Die Behandlung der Duodenitis umfasst eine adäquate Diättherapie, die Gabe von bindenden und umhüllenden Präparaten sowie Spasmolytika und Cholinolytika.
Das Duodenalgeschwür entwickelt sich infolge einer Helicobacter-Infektion. Zur Entwicklung dieser Pathologie tragen erbliche Faktoren, neuropsychische Besonderheiten des Menschen, der Nahrungsfaktor sowie der Einfluss medikamentöser Präparate und schädlicher Gewohnheiten bei. Die Symptome dieser Erkrankung sind Schmerzen im Epigastrium einige Stunden nach dem Essen, nächtliche epigastrische Schmerzen, Sodbrennen, Übelkeit und Erbrechen.

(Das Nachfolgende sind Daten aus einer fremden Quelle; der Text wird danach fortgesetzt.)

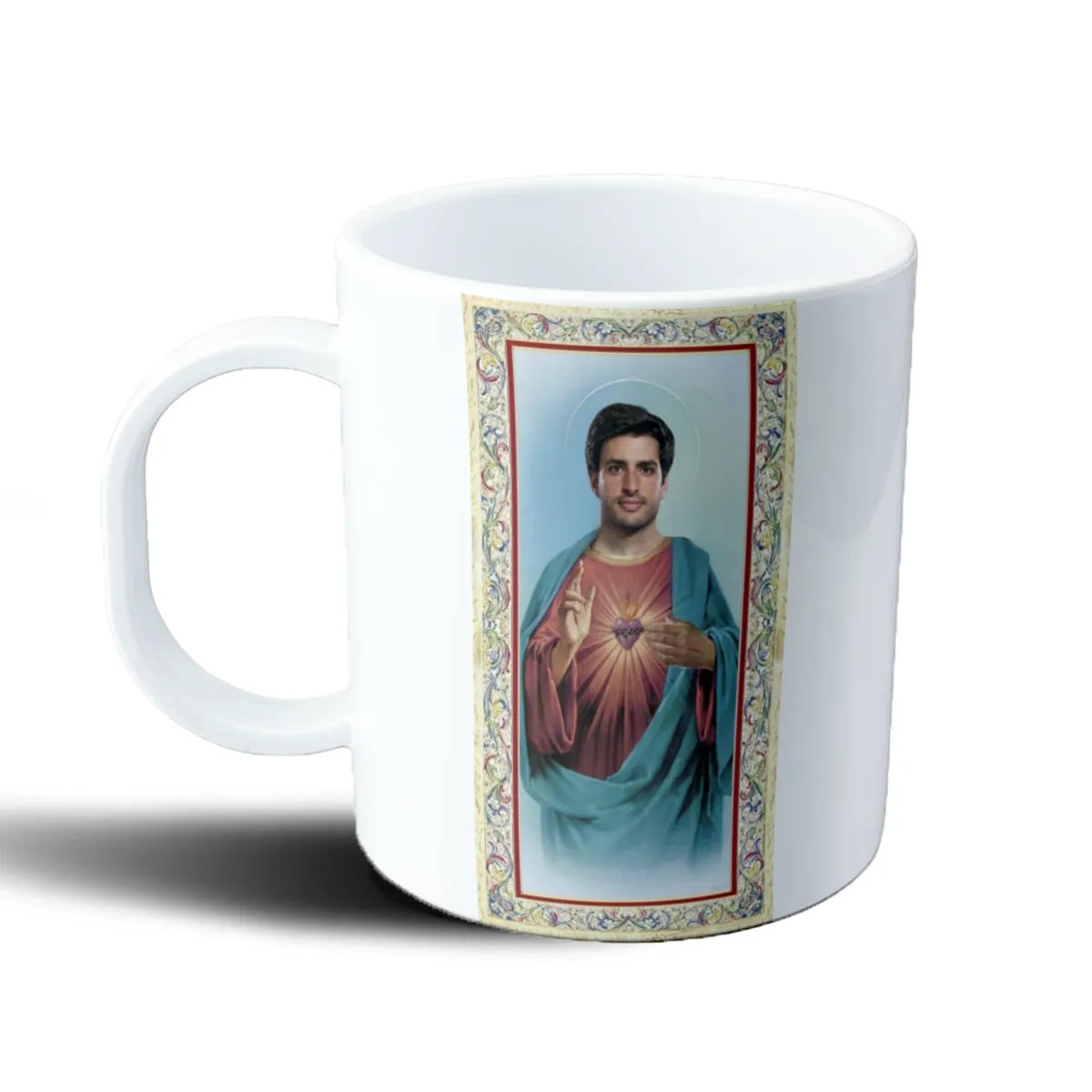 Taza de Plástico Carlos Sainz Sagrado Corazón - vista 2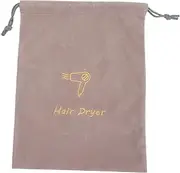 Hair Dryer Travel Pouch Drawstring Storage Bag for Hair Dryer Easy Closure
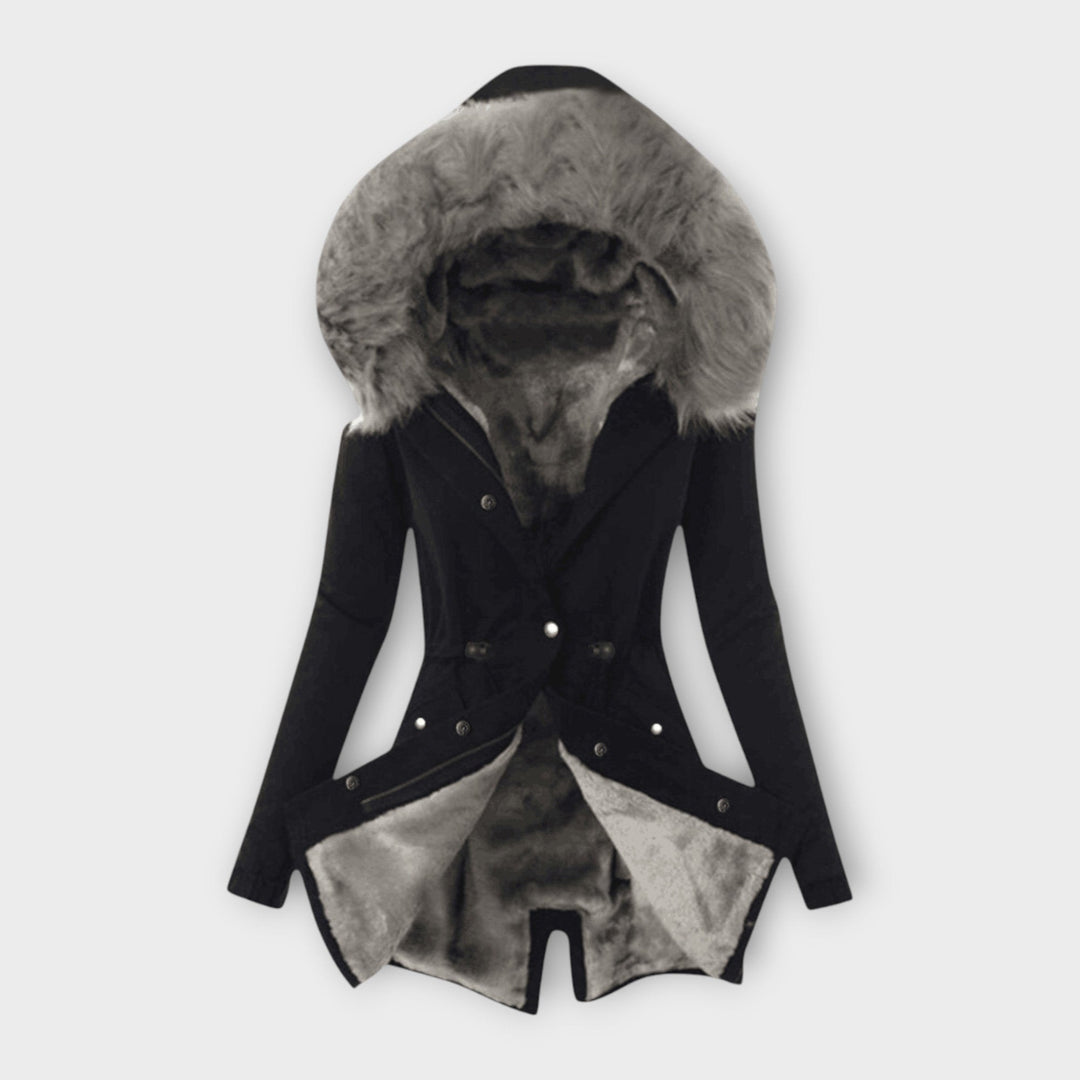 Leslie — Hooded Parka for Women with Fur Trim (3)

Zu den Komplikationen gehören Blutungen, Penetration, Malignisierung (Entwicklung einer bösartigen Entartung), Pylorusstenose sowie eine Perforation der Wand des Zwölffingerdarms.

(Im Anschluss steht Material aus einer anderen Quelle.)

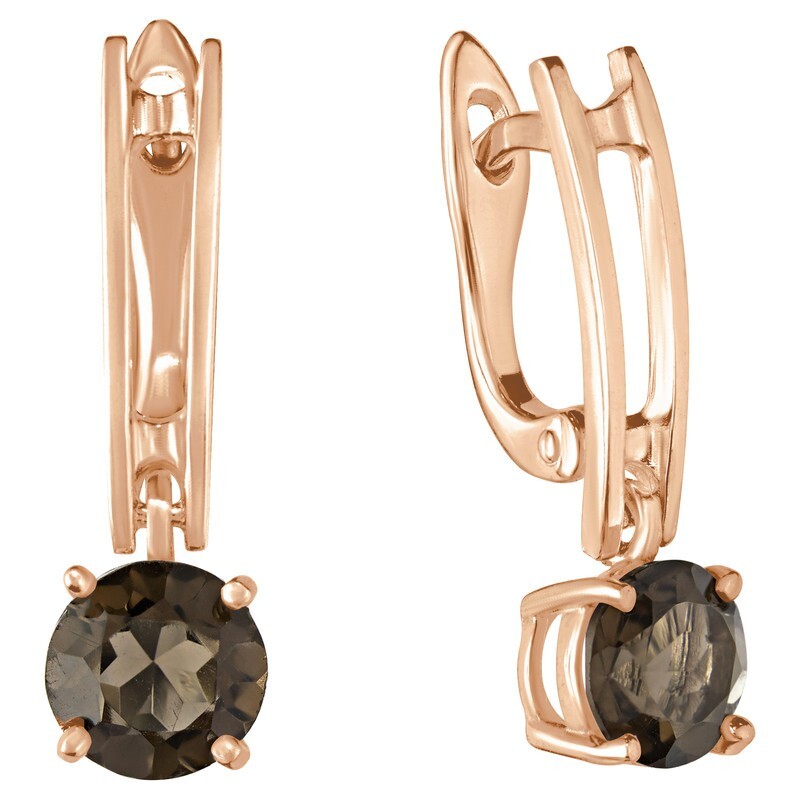 

Серьги из серебра с раухтопазом LAZURIT-ONLINE 8221RG, 8221RG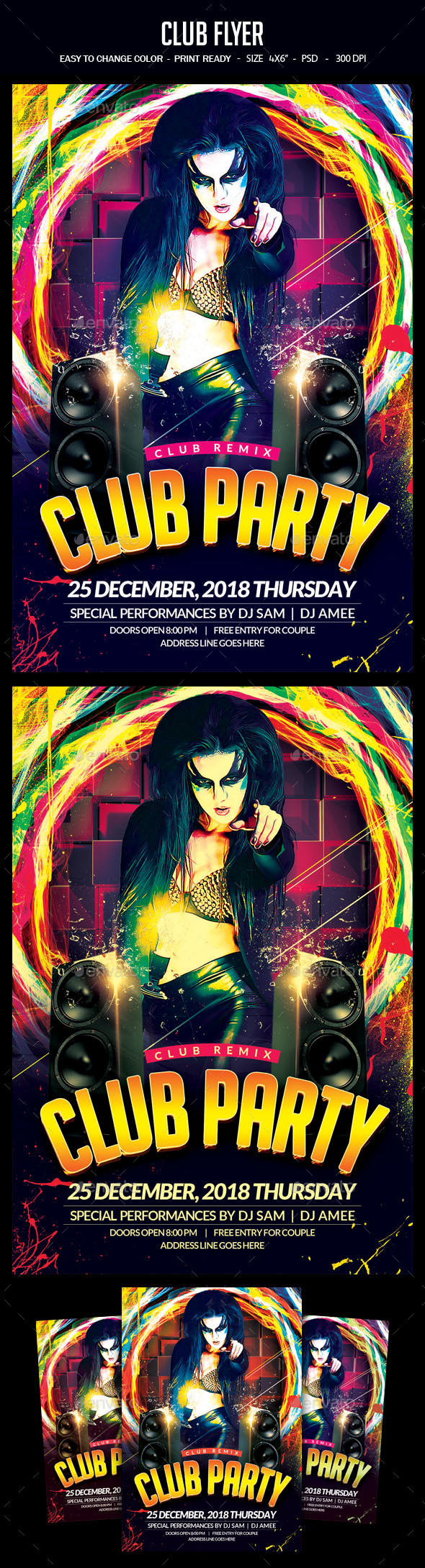 Club Flyer - Clubs & Parties Events
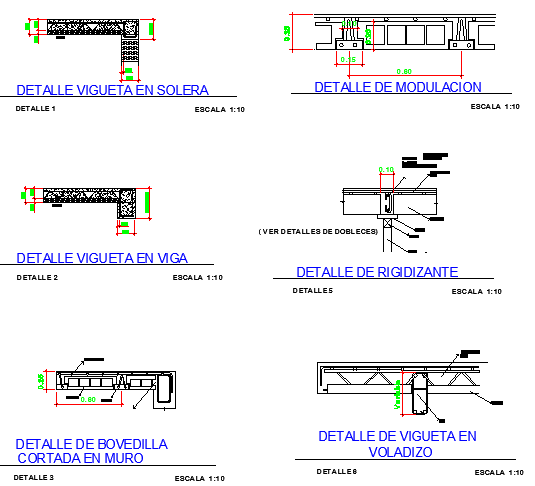School Construction and Elevation Details dwg file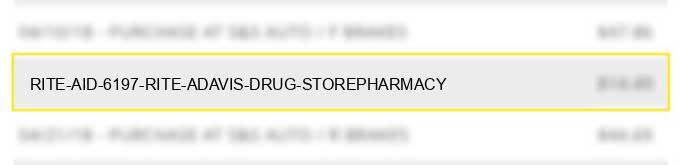 rite aid 6197 rite adavis drug store/pharmacy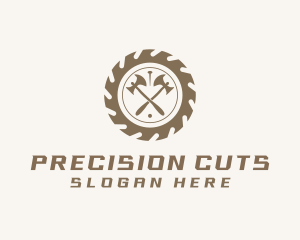 Axe Wood Cutting Lumberjack  logo design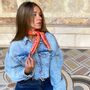 Scarves - Secret Garden Silk Scarf - MONT KIJI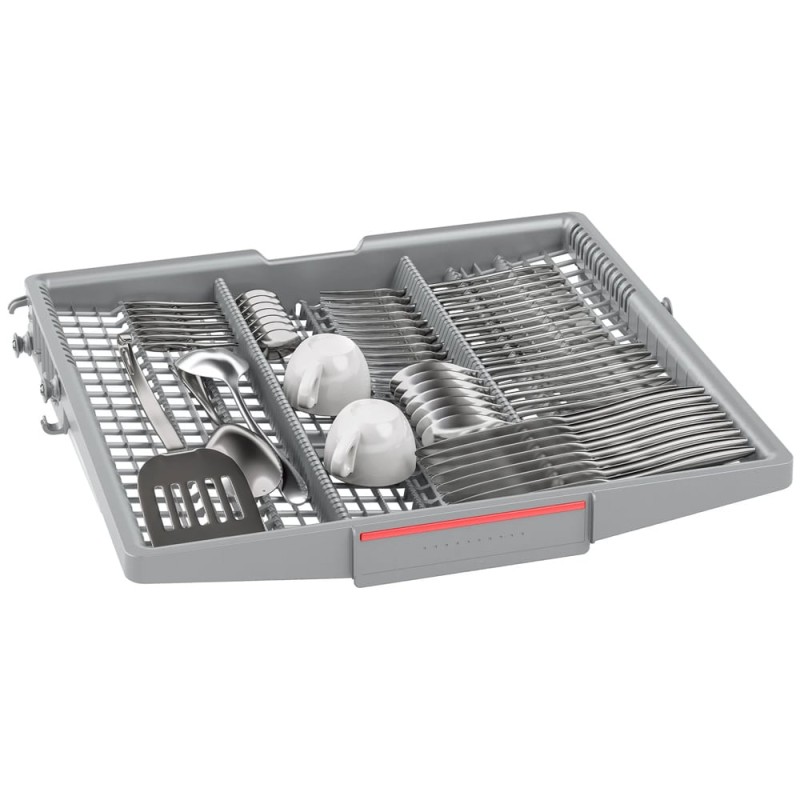 طبقه ی بالایی یا سبد Cutlery drawer مخصوص قاشق و چنگال ماشین ظرفشویی بوش SMS6ECW57E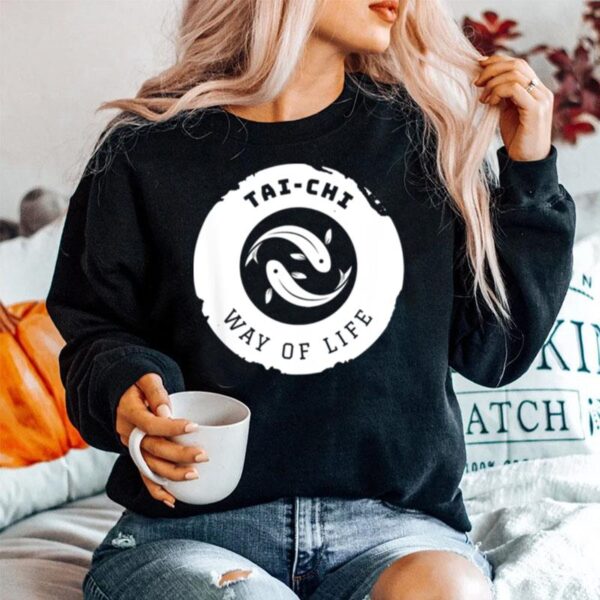 Tai Chi Kio Fish Ying Yang Balance Taoism Meditation Sweater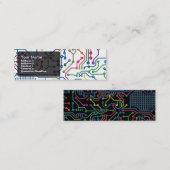 De Visite Mini Carte à circuits 2 (Devant / Derrière)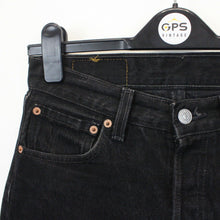 Load image into Gallery viewer, Womens LEVIS 501 Jeans Black Charcoal | W29 L30
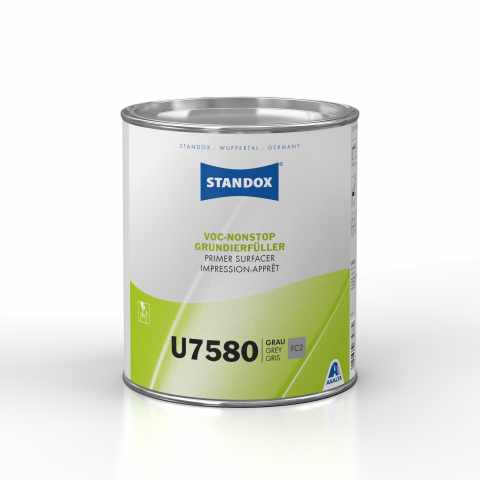 STANDOX VOC NONSTOP PRIMER SURFACER U7580 GREY 3.5L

Die Behandlung besteht in der Gabe von antihelikobakteriellen Mitteln (Antibiotika, Präparate aus dem Wismut), einer symptomatischen Therapie und einer Diättherapie.

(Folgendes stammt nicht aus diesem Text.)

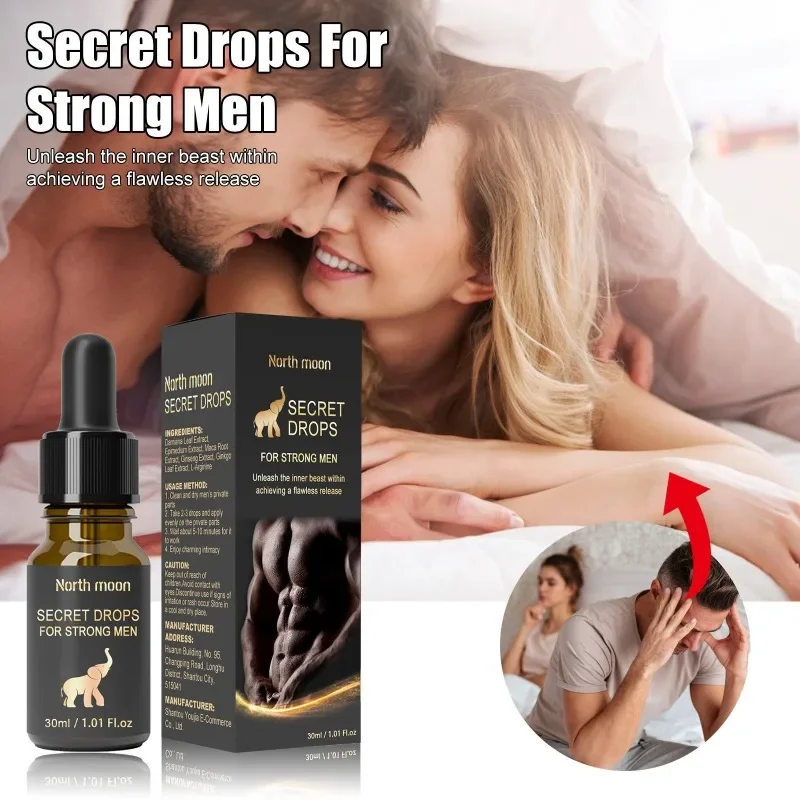 

Secret Drops For Strong Men Happy Drops Enhancing Sensitivity & Durability More Pleasure More Intimacy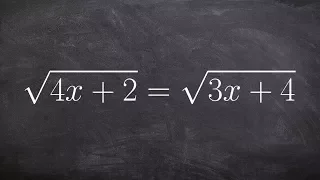 How to Solve an Equation with a Radical Expression on Both Sides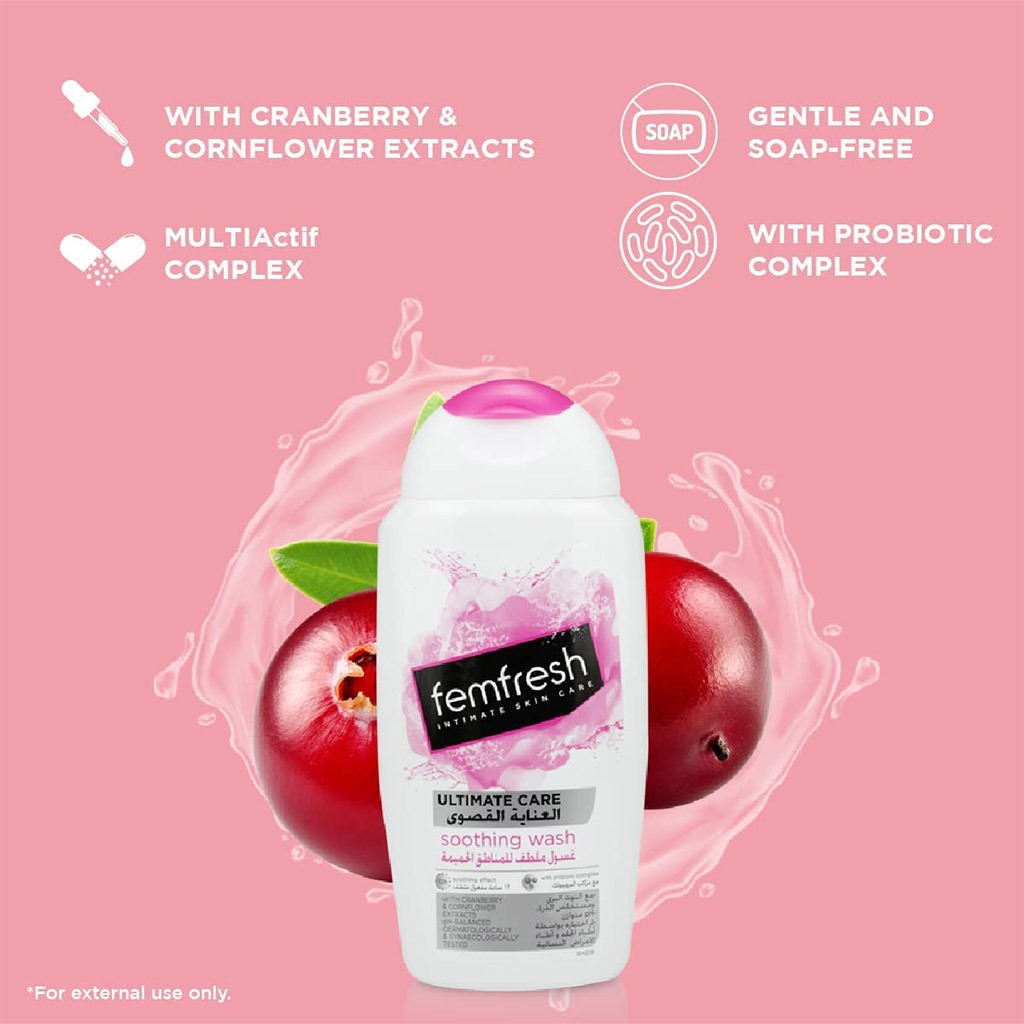 Femfresh Ultimate Care Soothing Intimate Skin Care Wash 250 mL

Das Duodenalkarzinom lokalisiert sich meist in den absteigenden Abschnitten; im oberen oder unteren horizontalen Bereich ist es seltener. Im Gegensatz zum Magenkarzinom zeichnet sich das Duodenalkarzinom durch eine geringere Neigung zur Metastasierung aus und beschränkt sich gewöhnlich auf die regionale Lymphknoteninfektion. Eine Besonderheit des Krankheitsbildes ist, dass kleine Tumoren oft symptomfrei bleiben, da sie den Darminhalt nicht behindern und keine Intoxikation verursachen; Symptome entstehen erst bei ausreichend großem Tumorwachstum und Kompression benachbarter Organe. Typische Symptome sind Schmerzen im rechten Oberbauch, Übelkeit, Appetitverlust sowie Folgen einer gestörten Gallenfluss: Schmerzen im rechten Hypochondrium, Übelkeit, Appetitlosigkeit. Bei Störung des Pankreasabflusses entwickelt sich eine Pankreatitis unterschiedlicher Schweregrade. Bei großen Tumoren manifestiert sich die Klinik durch Stenosierungserscheinungen: Übelkeit, Darmblähung, Magenüberfüllung, Aufstoßen und Sodbrennen sind charakteristisch. Allgemein gehören Gewichtsverlust, Anämie und Appetitlosigkeit zu den Symptomen. Der Behandlungserfolg hängt von einer frühzeitigen Krebserkennung ab. Die operative Behandlung umfasst eine Zirkuläre Resektion des betroffenen Darmabschnitts; bei peripapillärem Karzinom wird auch das Duodenaldrüsenfeld sowie der Gallengang exstirpiert.